Column group 615L is unchanged.
[0147] In FIG. 14D, splitting off of shared tokens 405 has been
performed. This causes column group 615L to be split into two
columns 615P and 615Q.
[0148] In FIG. 14E, removal of duplicates 404 has again been
performed, so that column group 615P now contains one entry. The
results can then be provided as consolidated list 307.
[0149] The present invention has been described in particular
detail with respect to possible embodiments. Those of skill in the
art will appreciate that the invention may be practiced in other
embodiments. First, the particular naming of the components,
capitalization of terms, the attributes, data structures, or any
other programming or structural aspect is not mandatory or
significant, and the mechanisms that implement the invention and/or
its features may have different names, formats, or protocols.
Further, the system may be implemented via a combination of
hardware and software, as described, or entirely in hardware
elements, or entirely in software elements. Also, the particular
division of functionality between the various system components
described herein is merely exemplary, and not mandatory; functions
performed by a single system component may instead be performed by
multiple components, and functions performed by multiple components
may instead be performed by a single component.
[0150] In various embodiments, the present invention can be
implemented as a system or a method for performing the
above-described techniques, either singly or in any combination. In
another embodiment, the present invention can be implemented as a
computer program product comprising a nontransitory
computer-readable storage medium and computer program code, encoded
on the medium, for causing a processor in a computing device or
other electronic device to perform the above-described
techniques.
[0151] Reference in the specification to "one embodiment" or to "an
embodiment" means that a particular feature, structure, or
characteristic described in connection with the embodiments is
included in at least one embodiment of the invention. The
appearances of the phrase "in one embodiment" in various places in
the specification are not necessarily all referring to the same
embodiment.
[0152] Some portions of the above are presented in terms of
algorithms and symbolic representations of operations on data bits
within a memory of a computing device. These algorithmic
descriptions and representations are the means used by those
skilled in the data processing arts to most effectively convey the
substance of their work to others skilled in the art. An algorithm
is here, and generally, conceived to be a self-consistent sequence
of steps (instructions) leading to a desired result. The steps are
those requiring physical manipulations of physical quantities.

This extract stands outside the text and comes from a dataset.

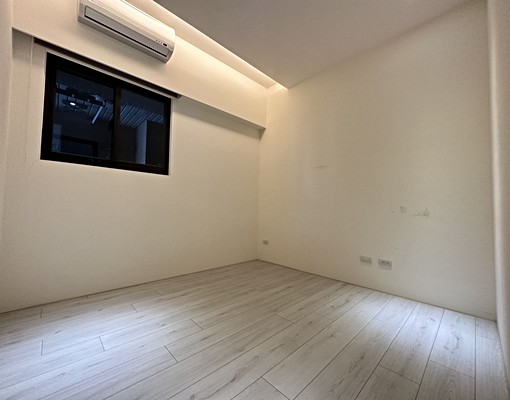 高鐵站可租補👍四房雙車位大空間👍家具電器全配皮箱入住 - Image 9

Usually, though not necessarily, these quantities take the form of
electrical, magnetic or optical signals capable of being stored,
transferred, combined, compared and otherwise manipulated. It is
convenient at times, principally for reasons of common usage, to
refer to these signals as bits, values, elements, symbols,
characters, terms, numbers, or the like. Furthermore, it is also
convenient at times, to refer to certain arrangements of steps
requiring physical manipulations of physical quantities as modules
or code devices, without loss of generality.
[0153] It should be borne in mind, however, that all of these and
similar terms are to be associated with the appropriate physical
quantities and are merely convenient labels applied to these
quantities. Unless specifically stated otherwise as apparent from
the following discussion, it is appreciated that throughout the
description, discussions utilizing terms such as "processing" or
"computing" or "calculating" or "displaying" or "determining" or
the like, refer to the action and processes of a computer system,
or similar electronic computing module and/or device, that
manipulates and transforms data represented as physical
(electronic) quantities within the computer system memories or
registers or other such information storage, transmission or
display devices.
[0154] Certain aspects of the present invention include process
steps and instructions described herein in the form of an
algorithm. It should be noted that the process steps and
instructions of the present invention can be embodied in software,
firmware and/or hardware, and when embodied in software, can be
downloaded to reside on and be operated from different platforms
used by a variety of operating systems.
[0155] The present invention also relates to an apparatus for
performing the operations herein. This apparatus may be specially
constructed for the required purposes, or it may comprise a
general-purpose computing device selectively activated or
reconfigured by a computer program stored in the computing device.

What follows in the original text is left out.